New-SelfSignedCertificate -Type CodeSigningCert -Subject "CN=YourName" -KeyAlgorithm RSA -KeyLength 2048 -CertStoreLocation "Cert:\CurrentUser\My" -FriendlyName "YourCertificateName"

The critical part is CN=YourName, which must match the Publisher entry in AppxManifest.xml for the package to be correctly signed.
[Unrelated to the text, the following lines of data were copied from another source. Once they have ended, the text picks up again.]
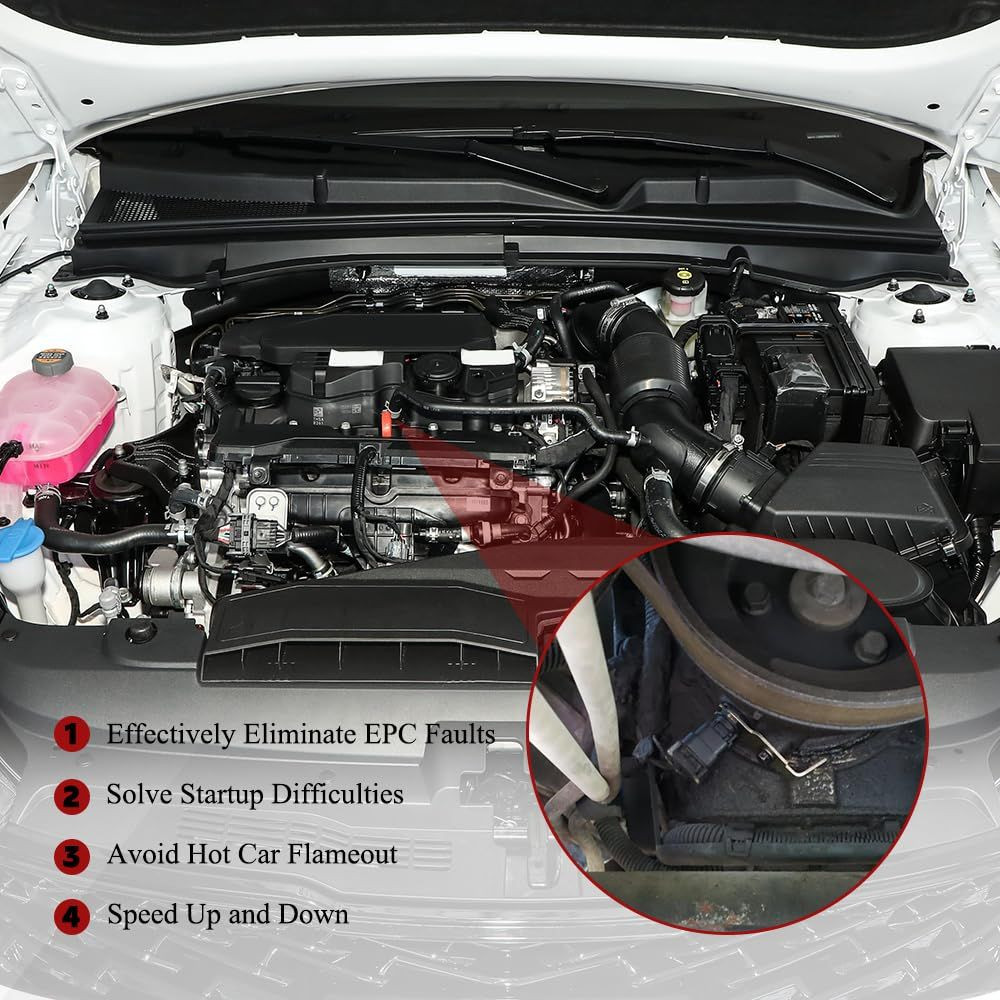 12596851 Premium Engine Crankshaft Position Sensor Compatible with Chevry...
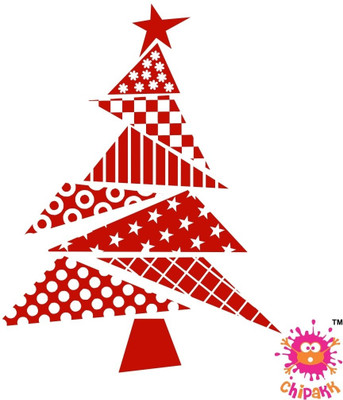 Chipakk Christmas Tree Triangles Medium Pigmented Polyvinyl Sticker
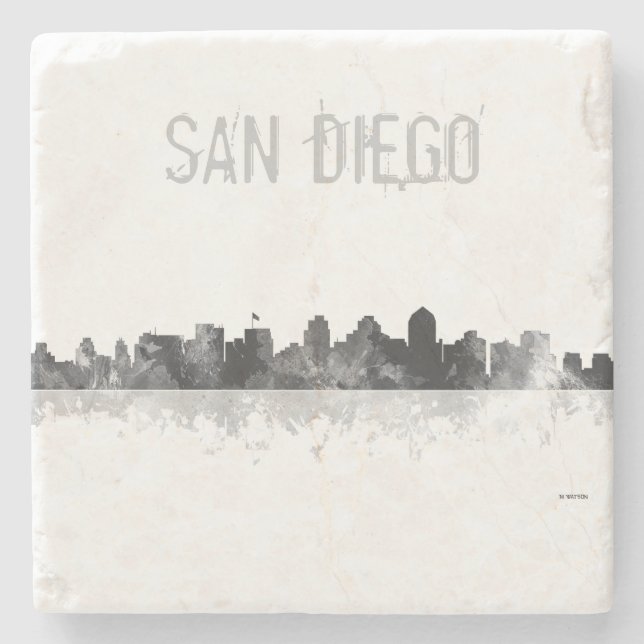 SAN DIEGO SKYLINE - Underlägg stendragning (Framsidan)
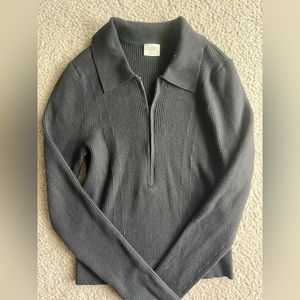 Abercrombie Ribbed Polo Sweater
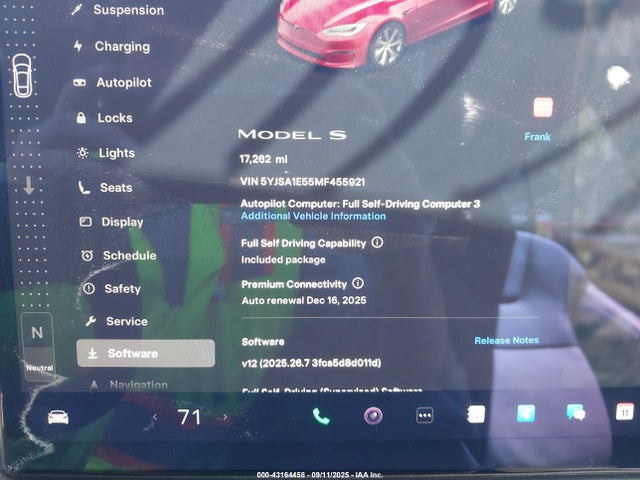 5YJSA1E55MF455921 Tesla MODEL S
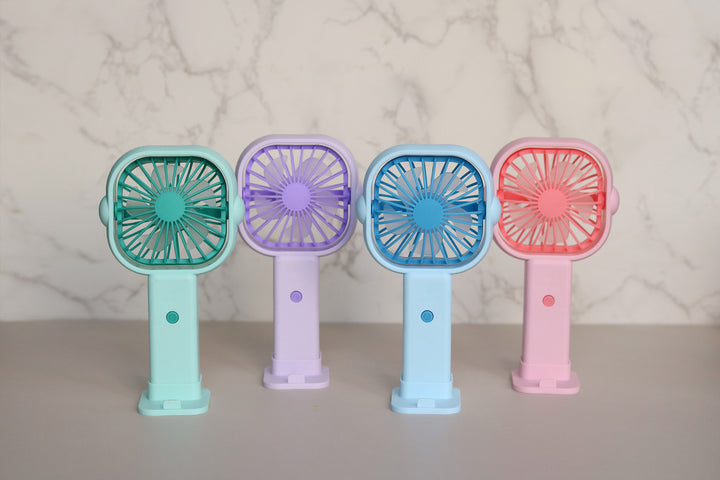 Unisex Portable Mini Fan with Ergonomic Design and Animal Ears Bowlift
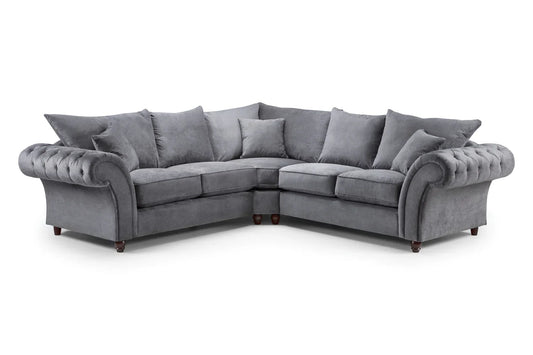 Windsor Sofa Fullback Large Corner | Grey,Stone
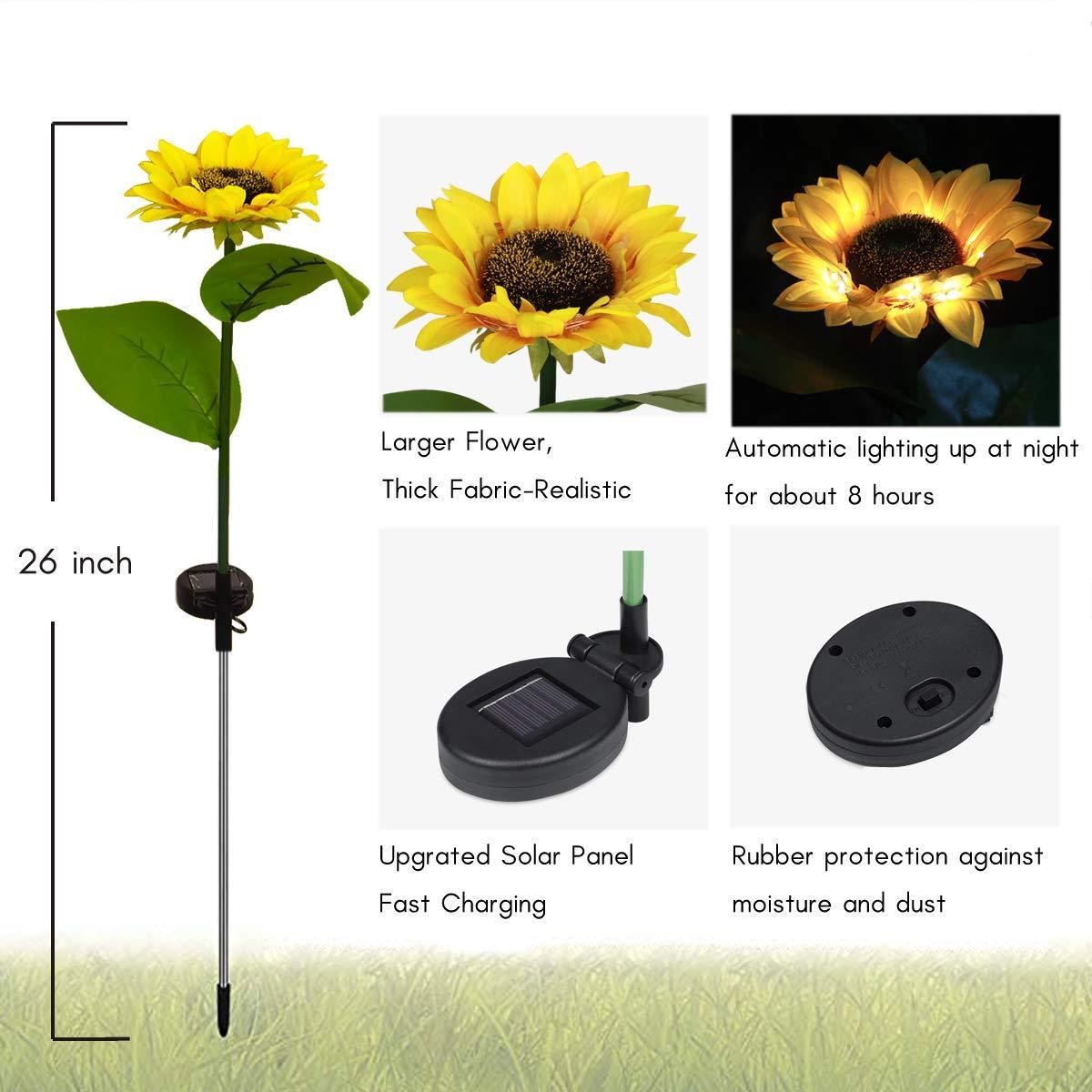 đ„Diese Woche Sonderangebot - đđ - Wasserdichte Sonnenblumen-Solar-Gartenstehlerleuchten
The output generates a thumbprint for the certificate, which you place in the following command, which will create your private key signed with the certificate:

Export-PfxCertificate -cert "Cert:\CurrentUser\My\[Thumbprint]" -FilePath JanisErdmanis.pfx -Password (ConvertTo-SecureString -String "YourPassword" -Force -AsPlainText)

which generates a pfx certificate and adds password protection.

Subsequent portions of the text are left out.